こうした動産には、財産的な価値を有するものと、有しないものが存在します。同じ自動車でも、新車に近い高級車もあれば、廃車寸前のケースもあるでしょう。被相続人(亡くなった人)が残した「思い出のアルバム」は、遺族にとってかけがえのないものですが、通常、財産的な価値はありません。
一般的に、価値のある動産は「誰がもらうのか」が、価値のない物については「コスト負担をどうするか」などが問題になりがちです。前者からみていきましょう。
動産相続のポイントと注意点
遺産分割の対象になる
被相続人の遺言書がない場合、これらの動産は他の財産同様、相続人全員が共有する状態に置かれます。誰がもらうのかは、相続人による遺産分割協議で決定します。一部の相続人が勝手に「形見分け」のような形で受け継いだりすることはできませんから、注意が必要です。
相続税の課税対象になる
財産的な価値のある動産を含めた遺産の総額が、相続税の基礎控除額(3,000万円+600万円×法定相続人の数)を超える場合には、相続税が課税されます。申告で問題が起こらないよう、遺産に値が張りそうな動産があるときには、その分野の専門家の査定を仰ぐなどして、正確な評価額を算出する必要があります。これは、後々遺産分割をめぐるトラブルを発生させないためにも重要です。
動産の相続税評価額
相続税の計算の際、動産は原則として1個または1組(例えばカップとソーサー)ごとに、「売買実例価額」や「精通者意見価格」などで評価します。ただし、1個または1組の価額が5万円以下のものについては、一括して1世帯ごとに評価することができます。
売買実例価額⇒市場で実際に取引されている価額
精通者意見価格⇒専門家による鑑定結果により算定される価額
売買実例価額や精通者意見価格が明らかでない動産については、その動産と同種・同規格の新品の相続発生時における小売価額から、その動産の製造時から相続発生時までの期間に応ずる償却費の額の合計額または減価の額を控除した金額によって評価する、とされています。
わかりにくい文言ですが、要するに減価償却(固定資産の購入費用を、耐用年数にわたって分割して費用計上する会計処理)の考え方を適用して評価額を決める、ということです。減価償却には、定額法(毎年同額ずつ償却)と定率法(毎年同率ずつ償却)がありますが、動産の相続では定率法を使って計算します。
計算例を挙げましょう。
・小売価額:100万円
・耐用年数5年(定率法の償却率:0.400)
・相続発生時に購入から1年未満
の動産の評価額は、次のようになります。
・償却費の額の合計額:100万円×0.400=40万円
・評価額:100万円-40万円=60万円
動産の分け方
財産的価値のある動産を相続人で分けるには、次のような方法があります。
(1)財産的価値に関わりなく分ける
遺産分割協議では、法定相続分などに関わりなく、自由に遺産分割の中身を決めることができます。動産についても、例えば配偶者が「思い出の品」としてすべて相続し、結果的に受け取る遺産の金額(評価額)に差がついた、といったことがありえるでしょう。他の相続人の合意があれば、それでも問題はありません。
(2)代償分割する
分割が難しい不動産の相続では、それを取得した相続人が、他の相続人にお金を支払ってバランスを取る「代償分割」という方法で、協議をまとめることがあります。高価な動産を特定の相続人が相続するケースでも、このやり方で調整を図ることが可能です。

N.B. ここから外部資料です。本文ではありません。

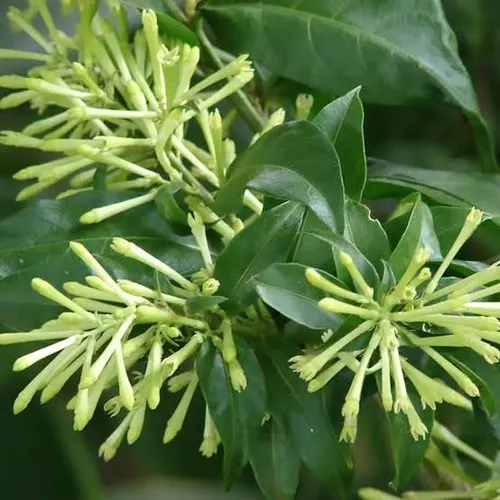 1 Muda De Dama Da Noite, Coerana - Cestrum Nocturnum - 50cm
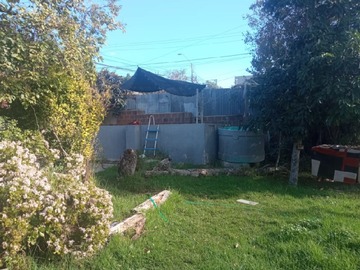 Imagen 11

ただし、動産を取得した人に代償金を支払えるだけの資力のあることが前提になります。
(3)換価分割する
金銭的に最も平等で、あとでトラブルになりにくいのは、動産を売却して現金に換え、それを分ける方法です。被相続人が残した品々に特に思い入れがない場合などには、最善の分け方といえるでしょう。
できるだけ専門家の評価を求める
特に貴金属や美術品、書画骨董などは、素人が金銭的な価値を判断するのは困難です。無価値だと思われていた物が、分割後に貴重品だと判明したりすれば、思わぬトラブルになる可能性があります。

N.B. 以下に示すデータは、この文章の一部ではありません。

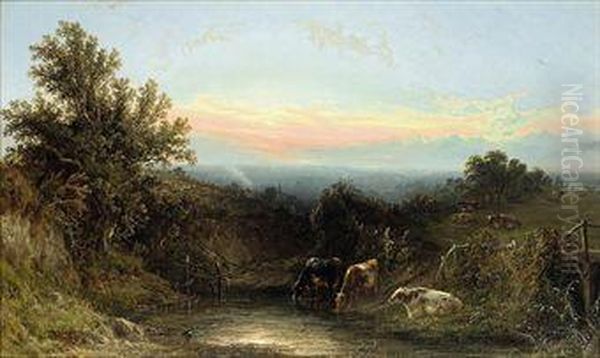 Cattle Watering By A Stream At Sunset Oil Painting by John F Tennant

繰り返しになりますが、評価のわからない動産は、それぞれに詳しい専門家に鑑定を依頼して、価値を明確にする必要があるでしょう。できれば、複数の査定を取得しておくことをお勧めします。
財産的価値のない動産の処分
一方、被相続人が残した動産には、値段の付かないものも多くあるのが普通です。それらは、責任をもって処分しなくてはなりません。
遺品整理は相続人の仕事
こうした遺品整理は、本来、法定相続人全員で行うべきものです。被相続人が残した動産は、無価値のものを含めて、相続人の所有物となるからです。また、一部の相続人が独断で作業を進めれば、「どうして勝手に処分したんだ」というかたちでトラブルが発生する可能性があります。
実際の作業を専門業者に依頼する場合にも、相続人合意の下で進めなくてはなりません。
相続放棄を考える場合には要注意
1点注意したいのは、相続放棄を考えている場合です。被相続人がプラスの財産よりも借金などのマイナスの財産を多く残していた場合、相続放棄しないとその返済義務を負うことになります。
ただし、相続財産の処分(売却など)を行うと、その申し立ての資格を失ってしまいます。遺品整理に手を付けたことで、即“相続放棄ノー”とはならないようですが、財産の処分に当たるかどうかは微妙なところがあります。このような場合には、整理を始める前に弁護士などの専門家の判断を仰ぐようにしてください。
専門業者に依頼するメリット・デメリット
大型の家電や家具をはじめ、被相続人が多量の遺品を残している場合には、専門の処理業者に依頼すれば、時間や労力をかけることなく、スムーズに遺品を処分することができるでしょう。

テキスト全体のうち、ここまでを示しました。